To be sure, HAMP modifications are performing better than proprietary modifications, but that's not saying a lot, and it's also not an apples-to-apples comparison. Unlike many proprietary modifications, HAMP has a 3 month trial period that screens out the weakest borrowers; HAMP modifications should perform better. The Oversight Panel report notes that if one calculated the HAMP redefault rate including the 146,031 trial modifications that failed to convert to permanent because of a payment default (the others failed to convert because they were not eligible due to loan or borrower characteristics), the real annual redefault rate would be 44% and the 15-month redefault rate would be 50%!
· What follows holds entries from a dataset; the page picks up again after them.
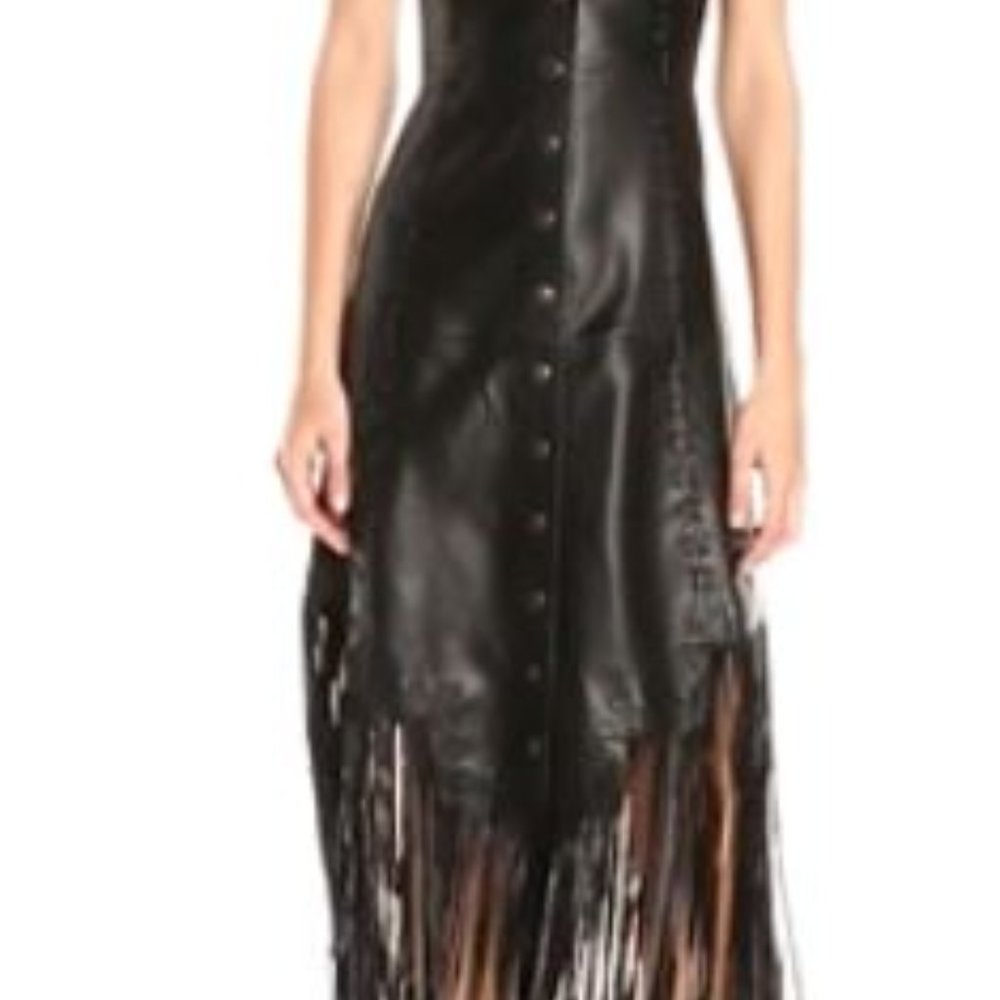 Haute Hippie Fringe Black Leather Slip Dress XS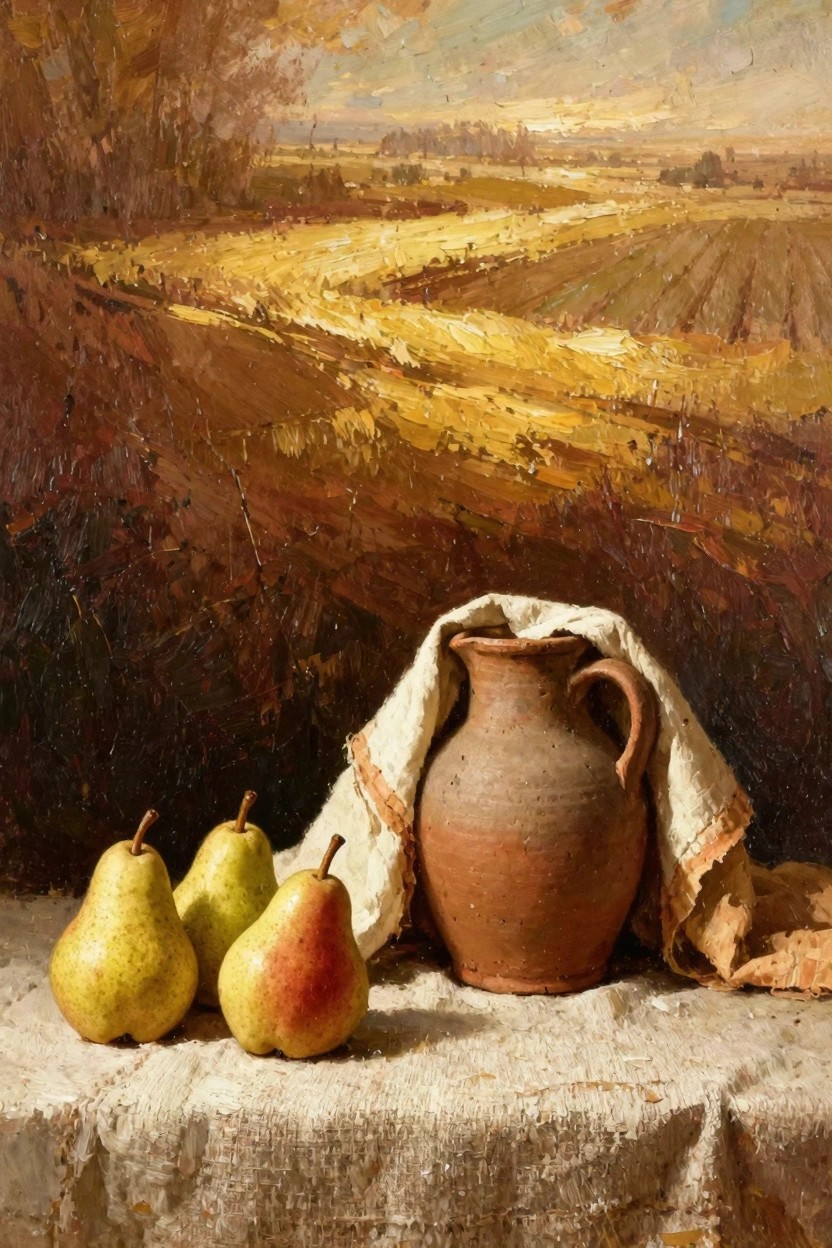 Oil painting featuring three pears and a terracotta jug on draped cloth in front of a golden fields and sunset landscape.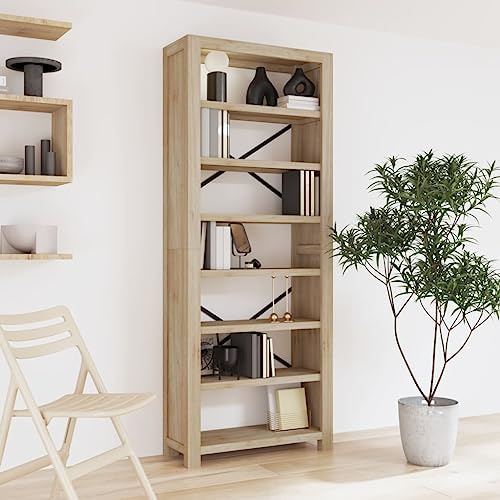 Teenpull Bücherregal 7 Böden, 80x30x200 cm, Massivholz Akazie, gebürstet, Robustes Standregal für Bücher, Akten, Dekoration, Wohnzimmer, Büro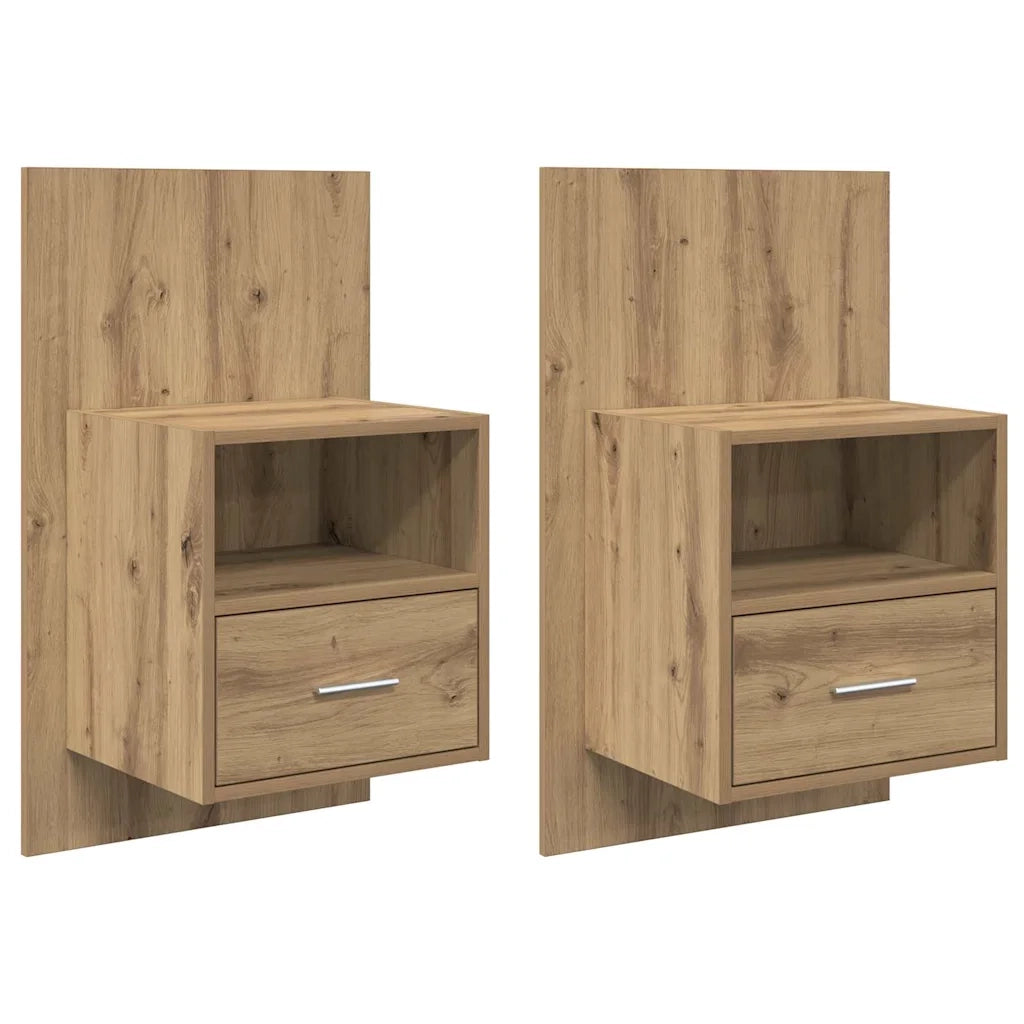 Armadio da Notte 2 pcs Rovere artigianale 50 x 32.5 x 80cm 880496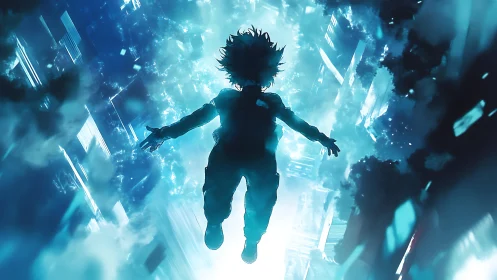 Skyward leap through a glowing neon dream cityscape.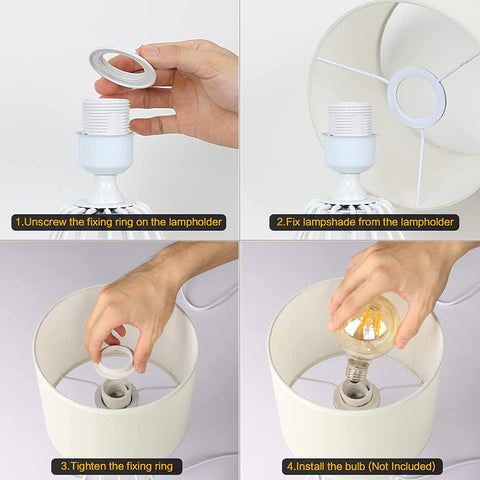 Lámpara de Noche, Lámpara de Mesa con Base Calada y Pantalla de Tela Blanca, Lámpara de Escritorio Minimalista para Dormitorio, Sala de Estar, Oficina (Bombilla E27 No Incluida)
My own personal prediction: over 5 years we will see redefaults in the range of 60-80% on HAMP permanent modifications. I hope I'll be proven wrong. But given the current state of affairs, I think we will see only 100k-200k permanent modifications still performing at the end of 5 years, a far cry from the 4 million homeowners the Administration said the program would help. (Unless by "help" you mean delayed foreclosure by a few months). The number of permanent modifications that do not redefault is the most fundamental metric by which to evaluate HAMP on this metric, it is an epic fail, topped only by Hope 4 Homeowners.
Is HAMP a worthwhile program?
It's hard to say that it is. HAMP will help some homeowners keep their homes and avoid foreclosure. That's always a good thing, even if it helps only say 100k homeowners in the end, instead of 4M. And HAMP has had some benefits in terms of creating standards for non-HAMP modifications. But some of the homeowners who keep their homes with a HAMP modification might have been able to keep those homes without HAMP through a proprietary modification that wasn't subsidized with taxpayer dollars.
Ultimately, the message to take away from HAMP is that the Obama administration just isn't serious about helping homeowners. The plight of distressed homeowners' is subsidiary to protecting the banks from having to take serious write-downs. There's plenty to say about the politics of that decision, but from an economics perspective, I just think it's short-sighted. The economy will not see a robust recovery until there is serious consumer deleveraging and a stabilization of the housing market. Those two problems go hand in hand, given that mortgage debt is the biggest chunk of consumer leverage. And there really isn't any way to deleverage consumers without there being losses for the financial sector. And that all leads to Figure 14 on p. 58 of the report, which shows the second lien loan exposure of the Big 4 banks relative to their Tier 1 capital. Here are the ratios:
- BoA: 83%
- JPM: 78%
- Citi: 41%
- Wells: 116%
What this means is that principal reductions on any scale will render the Big 4 (and plenty of smaller banks) seriously undercapitalized, if not outright insolvent. And so the game the Administration has decided to play is extend and pretent. Indeed, HAMP's basic goal was to buy time for the banks while the housing market and economy recovered. The thinking was that if lots of properties went into foreclosure and hit the market in 2009-2010, it would drive housing prices even lower, foreclosures would skyrocket, loss recognition would be unavoidable, the FDIC fund would be overwhelmed, and the economy would go into freefall.
As it turns out, there are system capacity issues that limit the number of properties that can hit the market at any time. The system doesn't seem capable of churning through much more than 2 million foreclosures in a year. HAMP might have bought some time, but the gamble on resurrection clearly hasn't paid off yet, unless one defines resurrection downwards. And we're looking another perhaps 10% drop in home prices this year, which combined with a still fragile financial sector and lots of systemic risk from sovereign debt (European and US states). The danger here is that instead of being a successful bid for time, HAMP will have delayed the necessary reboot of the US, making the economy actually more vulnerable to subsequent shocks. Extend and pretend might be politically expedient today, but let's remember how well it worked with the S&Ls. Maybe it buys the Administration through November 2012. But all that does is tie the Administration's hands for a second term agenda.